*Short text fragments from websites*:
####

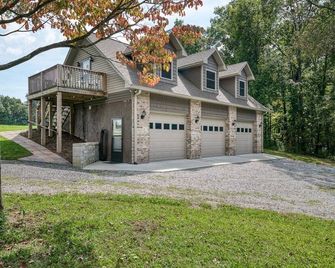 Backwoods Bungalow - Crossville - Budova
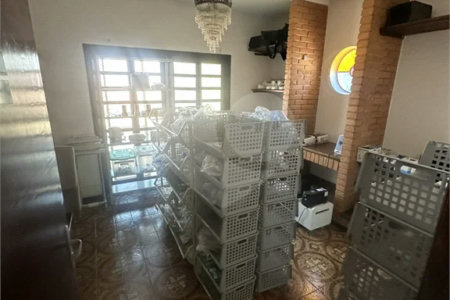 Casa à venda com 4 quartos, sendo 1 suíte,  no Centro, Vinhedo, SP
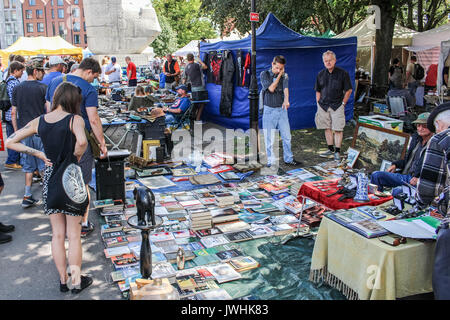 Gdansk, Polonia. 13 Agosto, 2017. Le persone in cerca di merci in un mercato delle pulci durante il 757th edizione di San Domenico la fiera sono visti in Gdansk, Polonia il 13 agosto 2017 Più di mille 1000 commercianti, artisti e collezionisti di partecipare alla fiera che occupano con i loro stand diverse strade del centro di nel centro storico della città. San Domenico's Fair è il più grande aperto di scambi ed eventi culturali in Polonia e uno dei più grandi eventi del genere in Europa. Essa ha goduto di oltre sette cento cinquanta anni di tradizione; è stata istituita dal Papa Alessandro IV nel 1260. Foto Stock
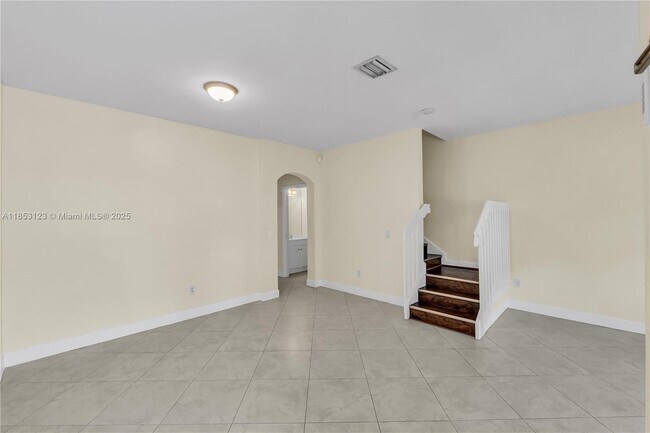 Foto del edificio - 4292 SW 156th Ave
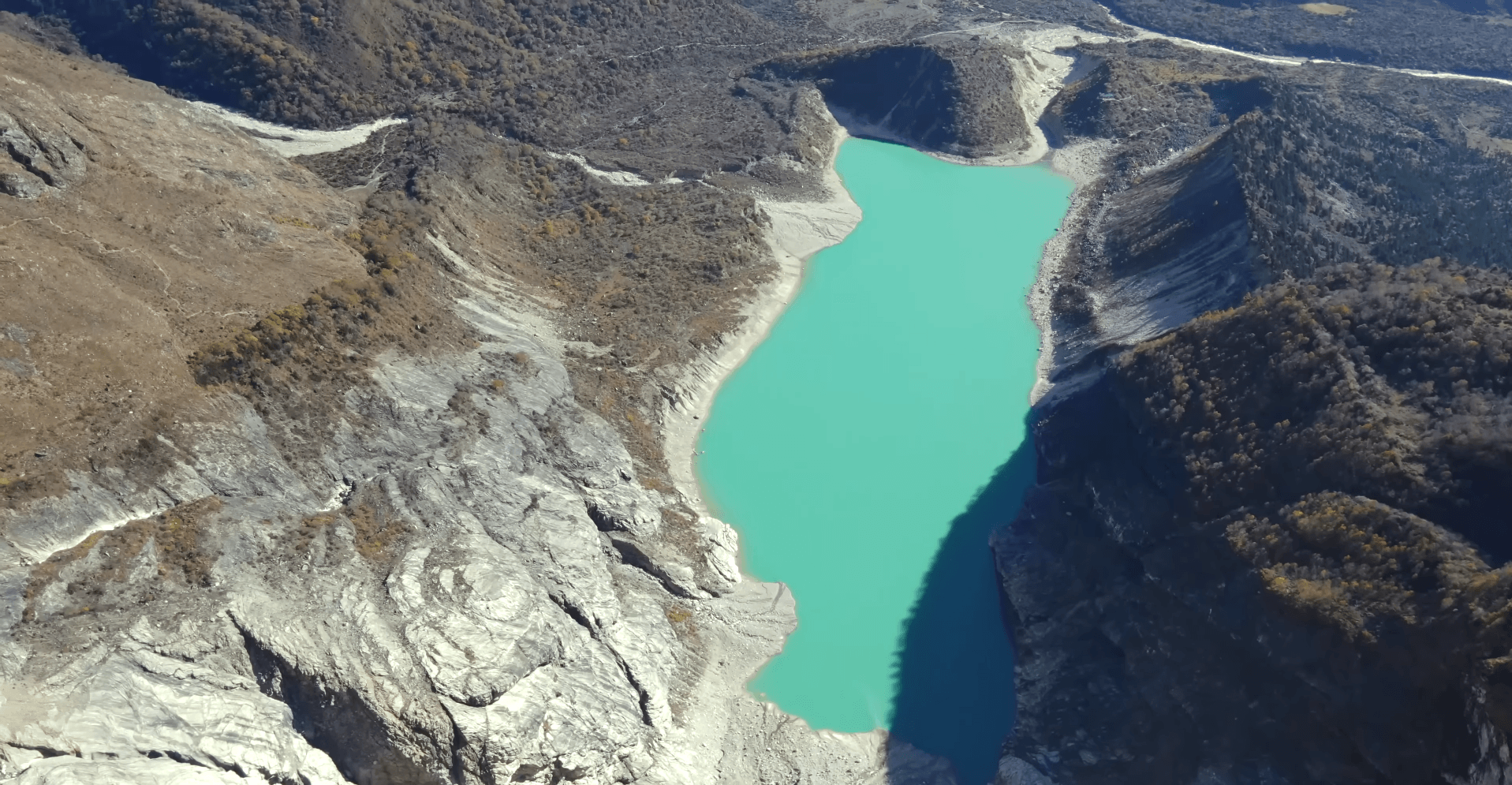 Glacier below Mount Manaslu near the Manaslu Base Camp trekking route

####

*Instructions to follow*: All of the data is to be transcribed exactly, with images omitted.

*Answer section*:
 Backwoods Bungalow - Crossville - Budova
 Casa à venda com 4 quartos, sendo 1 suíte,  no Centro, Vinhedo, SP
 Gdansk, Polonia. 13 Agosto, 2017. Le persone in cerca di merci in un mercato delle pulci durante il 757th edizione di San Domenico la fiera sono visti in Gdansk, Polonia il 13 agosto 2017 Più di mille 1000 commercianti, artisti e collezionisti di partecipare alla fiera che occupano con i loro stand diverse strade del centro di nel centro storico della città. San Domenico's Fair è il più grande aperto di scambi ed eventi culturali in Polonia e uno dei più grandi eventi del genere in Europa. Essa ha goduto di oltre sette cento cinquanta anni di tradizione; è stata istituita dal Papa Alessandro IV nel 1260. Foto Stock
 Foto del edificio - 4292 SW 156th Ave
 Glacier below Mount Manaslu near the Manaslu Base Camp trekking route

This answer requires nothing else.